--- THE DATA Enclosed Below ---

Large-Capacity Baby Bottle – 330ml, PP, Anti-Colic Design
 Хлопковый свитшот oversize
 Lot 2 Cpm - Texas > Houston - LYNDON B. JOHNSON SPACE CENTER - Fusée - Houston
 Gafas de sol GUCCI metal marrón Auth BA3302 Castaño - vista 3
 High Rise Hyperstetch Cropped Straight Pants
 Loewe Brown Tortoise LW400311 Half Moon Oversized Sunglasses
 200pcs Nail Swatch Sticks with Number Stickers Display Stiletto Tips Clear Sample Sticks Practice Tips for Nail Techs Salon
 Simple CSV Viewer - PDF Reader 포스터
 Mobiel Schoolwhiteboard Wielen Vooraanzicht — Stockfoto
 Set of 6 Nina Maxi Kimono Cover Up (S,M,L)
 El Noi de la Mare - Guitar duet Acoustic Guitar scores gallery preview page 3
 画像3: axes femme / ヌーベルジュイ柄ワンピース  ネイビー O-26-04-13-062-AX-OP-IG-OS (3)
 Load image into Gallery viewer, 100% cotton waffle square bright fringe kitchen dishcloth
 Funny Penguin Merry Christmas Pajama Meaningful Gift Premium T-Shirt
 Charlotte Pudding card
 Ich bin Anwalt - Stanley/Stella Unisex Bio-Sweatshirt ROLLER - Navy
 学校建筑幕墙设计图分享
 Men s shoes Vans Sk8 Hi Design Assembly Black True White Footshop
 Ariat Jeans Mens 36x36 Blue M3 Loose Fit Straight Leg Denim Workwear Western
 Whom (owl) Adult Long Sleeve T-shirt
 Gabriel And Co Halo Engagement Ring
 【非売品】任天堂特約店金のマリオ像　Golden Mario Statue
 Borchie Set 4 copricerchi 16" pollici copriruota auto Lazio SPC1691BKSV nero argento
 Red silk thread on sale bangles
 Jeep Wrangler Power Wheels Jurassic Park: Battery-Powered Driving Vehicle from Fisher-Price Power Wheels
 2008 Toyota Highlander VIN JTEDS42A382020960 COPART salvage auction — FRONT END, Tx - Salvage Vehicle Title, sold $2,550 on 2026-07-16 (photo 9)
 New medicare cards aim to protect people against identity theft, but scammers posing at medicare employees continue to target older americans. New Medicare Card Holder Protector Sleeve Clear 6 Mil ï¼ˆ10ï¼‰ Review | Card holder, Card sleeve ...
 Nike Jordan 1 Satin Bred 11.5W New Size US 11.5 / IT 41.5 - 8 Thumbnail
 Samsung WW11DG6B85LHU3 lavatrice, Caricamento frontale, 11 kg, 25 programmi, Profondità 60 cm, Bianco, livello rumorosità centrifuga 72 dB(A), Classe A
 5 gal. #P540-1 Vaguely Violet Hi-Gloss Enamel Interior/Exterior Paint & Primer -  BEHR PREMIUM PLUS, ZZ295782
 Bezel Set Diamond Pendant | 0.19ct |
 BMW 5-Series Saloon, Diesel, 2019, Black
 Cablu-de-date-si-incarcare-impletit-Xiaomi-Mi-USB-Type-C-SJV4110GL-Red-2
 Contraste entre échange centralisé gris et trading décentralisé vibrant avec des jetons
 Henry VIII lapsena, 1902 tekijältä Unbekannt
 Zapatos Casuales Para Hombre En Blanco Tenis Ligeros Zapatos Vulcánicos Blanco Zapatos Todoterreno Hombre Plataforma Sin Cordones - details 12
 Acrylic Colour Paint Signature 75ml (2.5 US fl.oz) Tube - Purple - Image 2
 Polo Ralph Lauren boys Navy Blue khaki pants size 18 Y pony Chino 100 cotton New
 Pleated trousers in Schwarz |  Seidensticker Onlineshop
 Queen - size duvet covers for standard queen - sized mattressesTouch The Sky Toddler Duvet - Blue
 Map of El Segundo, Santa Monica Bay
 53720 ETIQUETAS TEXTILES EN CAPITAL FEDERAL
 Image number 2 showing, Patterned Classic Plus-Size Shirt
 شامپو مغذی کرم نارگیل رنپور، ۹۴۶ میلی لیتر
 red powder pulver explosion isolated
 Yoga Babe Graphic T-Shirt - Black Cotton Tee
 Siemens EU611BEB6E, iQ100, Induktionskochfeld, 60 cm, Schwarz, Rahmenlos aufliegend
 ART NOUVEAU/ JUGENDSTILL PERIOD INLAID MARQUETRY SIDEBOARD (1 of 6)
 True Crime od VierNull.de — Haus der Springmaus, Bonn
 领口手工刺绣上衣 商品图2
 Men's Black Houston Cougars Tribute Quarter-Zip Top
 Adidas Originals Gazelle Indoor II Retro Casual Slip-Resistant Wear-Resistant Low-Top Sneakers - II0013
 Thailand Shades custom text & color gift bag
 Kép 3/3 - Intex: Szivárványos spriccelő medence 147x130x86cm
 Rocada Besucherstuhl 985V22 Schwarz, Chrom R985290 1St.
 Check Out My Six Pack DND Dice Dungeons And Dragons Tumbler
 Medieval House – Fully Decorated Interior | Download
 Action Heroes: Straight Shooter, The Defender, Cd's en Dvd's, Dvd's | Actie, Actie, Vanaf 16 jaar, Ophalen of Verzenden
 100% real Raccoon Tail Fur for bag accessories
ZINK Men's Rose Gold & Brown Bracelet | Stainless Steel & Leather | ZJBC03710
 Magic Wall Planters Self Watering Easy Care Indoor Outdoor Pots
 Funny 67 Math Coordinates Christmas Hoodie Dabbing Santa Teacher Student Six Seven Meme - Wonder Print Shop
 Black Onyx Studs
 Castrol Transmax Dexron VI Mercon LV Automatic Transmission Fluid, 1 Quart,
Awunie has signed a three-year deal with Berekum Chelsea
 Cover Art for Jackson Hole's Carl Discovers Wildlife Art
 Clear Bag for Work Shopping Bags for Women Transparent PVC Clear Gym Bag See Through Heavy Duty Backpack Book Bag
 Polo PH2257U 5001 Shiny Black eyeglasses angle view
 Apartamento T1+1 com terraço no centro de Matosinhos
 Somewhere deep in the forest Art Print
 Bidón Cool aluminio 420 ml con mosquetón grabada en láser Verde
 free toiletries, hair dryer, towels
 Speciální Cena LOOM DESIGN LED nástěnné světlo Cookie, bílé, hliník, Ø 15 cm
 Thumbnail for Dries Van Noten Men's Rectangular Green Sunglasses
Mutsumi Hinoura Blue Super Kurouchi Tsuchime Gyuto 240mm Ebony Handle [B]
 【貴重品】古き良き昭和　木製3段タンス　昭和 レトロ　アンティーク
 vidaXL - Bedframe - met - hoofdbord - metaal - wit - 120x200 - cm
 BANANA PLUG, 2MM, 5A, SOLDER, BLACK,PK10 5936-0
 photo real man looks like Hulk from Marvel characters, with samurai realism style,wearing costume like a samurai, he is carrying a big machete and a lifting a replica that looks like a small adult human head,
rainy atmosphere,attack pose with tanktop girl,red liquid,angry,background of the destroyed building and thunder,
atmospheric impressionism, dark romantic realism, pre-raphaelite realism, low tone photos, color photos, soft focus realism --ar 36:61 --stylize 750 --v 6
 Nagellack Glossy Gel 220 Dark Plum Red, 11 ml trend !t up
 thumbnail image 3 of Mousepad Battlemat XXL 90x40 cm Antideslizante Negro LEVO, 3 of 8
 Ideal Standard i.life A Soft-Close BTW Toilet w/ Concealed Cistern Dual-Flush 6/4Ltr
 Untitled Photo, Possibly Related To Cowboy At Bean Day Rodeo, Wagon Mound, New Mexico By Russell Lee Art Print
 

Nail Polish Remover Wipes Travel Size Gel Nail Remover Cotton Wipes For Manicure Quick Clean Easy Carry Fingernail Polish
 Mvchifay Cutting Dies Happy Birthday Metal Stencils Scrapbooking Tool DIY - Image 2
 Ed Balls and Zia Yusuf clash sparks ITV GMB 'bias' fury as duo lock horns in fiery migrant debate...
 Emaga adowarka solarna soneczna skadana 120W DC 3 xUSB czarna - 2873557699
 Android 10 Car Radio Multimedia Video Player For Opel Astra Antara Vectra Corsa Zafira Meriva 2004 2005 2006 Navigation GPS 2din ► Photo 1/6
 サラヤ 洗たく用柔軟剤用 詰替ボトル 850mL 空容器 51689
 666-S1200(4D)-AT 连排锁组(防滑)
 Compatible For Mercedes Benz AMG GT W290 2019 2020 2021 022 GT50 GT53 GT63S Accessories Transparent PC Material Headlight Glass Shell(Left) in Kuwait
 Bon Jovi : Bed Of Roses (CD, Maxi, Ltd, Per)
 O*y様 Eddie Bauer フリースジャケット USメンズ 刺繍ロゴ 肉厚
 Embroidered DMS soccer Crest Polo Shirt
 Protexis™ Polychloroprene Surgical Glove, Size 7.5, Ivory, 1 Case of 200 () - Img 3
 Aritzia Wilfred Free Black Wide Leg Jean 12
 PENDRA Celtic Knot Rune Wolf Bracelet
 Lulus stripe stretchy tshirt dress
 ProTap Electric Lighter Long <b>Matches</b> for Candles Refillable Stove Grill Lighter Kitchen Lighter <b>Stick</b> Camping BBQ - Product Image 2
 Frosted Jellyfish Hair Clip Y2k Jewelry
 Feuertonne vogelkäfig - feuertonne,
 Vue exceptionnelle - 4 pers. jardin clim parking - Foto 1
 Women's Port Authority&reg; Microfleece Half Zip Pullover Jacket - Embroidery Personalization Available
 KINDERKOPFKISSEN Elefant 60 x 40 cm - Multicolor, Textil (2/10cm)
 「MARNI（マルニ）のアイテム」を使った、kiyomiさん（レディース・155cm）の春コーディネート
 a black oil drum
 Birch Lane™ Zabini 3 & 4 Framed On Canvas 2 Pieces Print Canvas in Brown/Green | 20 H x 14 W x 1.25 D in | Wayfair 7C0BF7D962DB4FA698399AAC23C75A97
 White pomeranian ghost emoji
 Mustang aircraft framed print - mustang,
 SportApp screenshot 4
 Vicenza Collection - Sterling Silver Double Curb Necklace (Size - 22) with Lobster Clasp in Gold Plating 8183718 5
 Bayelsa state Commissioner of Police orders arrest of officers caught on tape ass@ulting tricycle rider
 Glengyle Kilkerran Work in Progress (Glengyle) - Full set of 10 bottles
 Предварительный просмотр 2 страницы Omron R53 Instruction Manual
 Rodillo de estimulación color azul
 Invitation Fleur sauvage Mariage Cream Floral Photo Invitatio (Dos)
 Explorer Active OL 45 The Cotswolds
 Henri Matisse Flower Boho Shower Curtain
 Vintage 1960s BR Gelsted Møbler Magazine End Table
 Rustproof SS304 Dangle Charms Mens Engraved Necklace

--- End of Enclosed THE DATA ---

◆ **PROBLEM REQUIREMENTS**
Whenever a line above has the word "True" in it, copy that line.

◆ **WRITTEN ANSWER**
 Men s shoes Vans Sk8 Hi Design Assembly Black True White Footshop
 True Crime od VierNull.de — Haus der Springmaus, Bonn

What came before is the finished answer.